Philippines Vows to Defend Its Outsourcing EmpireBy
China ahead of Philippines in Tholon’s competitiveness ranking
Potential cut in incentives, martial law add to challenges
The Philippines’ $23 billion outsourcing empire is facing mounting risks: China is rising quickly as a competitor, the government wants to cut some incentives and a siege in the south of the country is worrying investors.
“We need to put our act together,” Rey Untal, head of the Philippine association of outsourcing companies, said in an interview in Manila. “The other countries know how big this IT business process outsourcing pie is globally and they want to increase their share. This is not a static world.”
Armed with a high-level of English proficiency, a young population and cheap labor, the Philippines has emerged as one of the global leaders of outsourcing with companies such as Accenture Plc among those who’ve invested. But its position is now under threat with China ranked ahead of the Philippines in terms of competitiveness, advisory firm Tholons said in a June report.
“It really is a significant wake-up call,” Untal said on July 28. “It’s good in a way. Sometimes you need to be jolted. Many of the countries that compete with us directly are enhancing all the parameters that make them competitive -- talent, infrastructure, incentives.”
In recent years, China has built state-of-the-art technology parks and funded universities to offer courses specifically on outsourcing.

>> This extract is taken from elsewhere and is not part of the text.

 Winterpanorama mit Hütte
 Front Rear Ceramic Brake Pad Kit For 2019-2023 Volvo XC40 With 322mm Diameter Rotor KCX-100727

China is targeting $100 billion of outsourcing revenue by 2020, focusing on digital, high-technology services, according to a plan by the Ministry of Commerce.
Million Philippine Jobs
The IT Business Process Association of the Philippines is aiming for $39 billion of revenue by 2022. The industry is the country’s biggest source of private jobs, according to London-based research and consulting firm Oxford Business Group, with more than a million workers in 2016.
Aside from competition, the industry is also bracing for a government plan to reduce some tax incentives. The finance department plans to submit a bill to lawmakers to remove the preferential tax rate on salaries of some executives working in regional headquarters including those of outsourcing companies.
At the same time, rising security risks in the south could damp appetite for expansion in the provinces. The government is waging a protracted battle with Islamic State-linked militants in Marawi City, and has placed the island of Mindanao under martial law until the end of the year.
“Business process outsourcing is very important for dollar supply, especially now that the country might slip into a current-account deficit,” said Michael Enriquez, chief investment officer at Sun Life of Canada Philippines Inc. in Manila. “There’s a lot of threats to the growth of the sector, but BPOs will continue to prosper here as long as there’s government support.”
The risks of a slowdown in outsourcing coupled with faltering remittances and higher trade deficits may exacerbate the weakness in the peso, Asia’s worst performing currency this year. The central bank is forecasting the nation’s first current-account deficit in 15 years in 2017, removing a key support for the currency.
“The challenges we have are already significant,” Untal said. “We don’t need additional challenges.”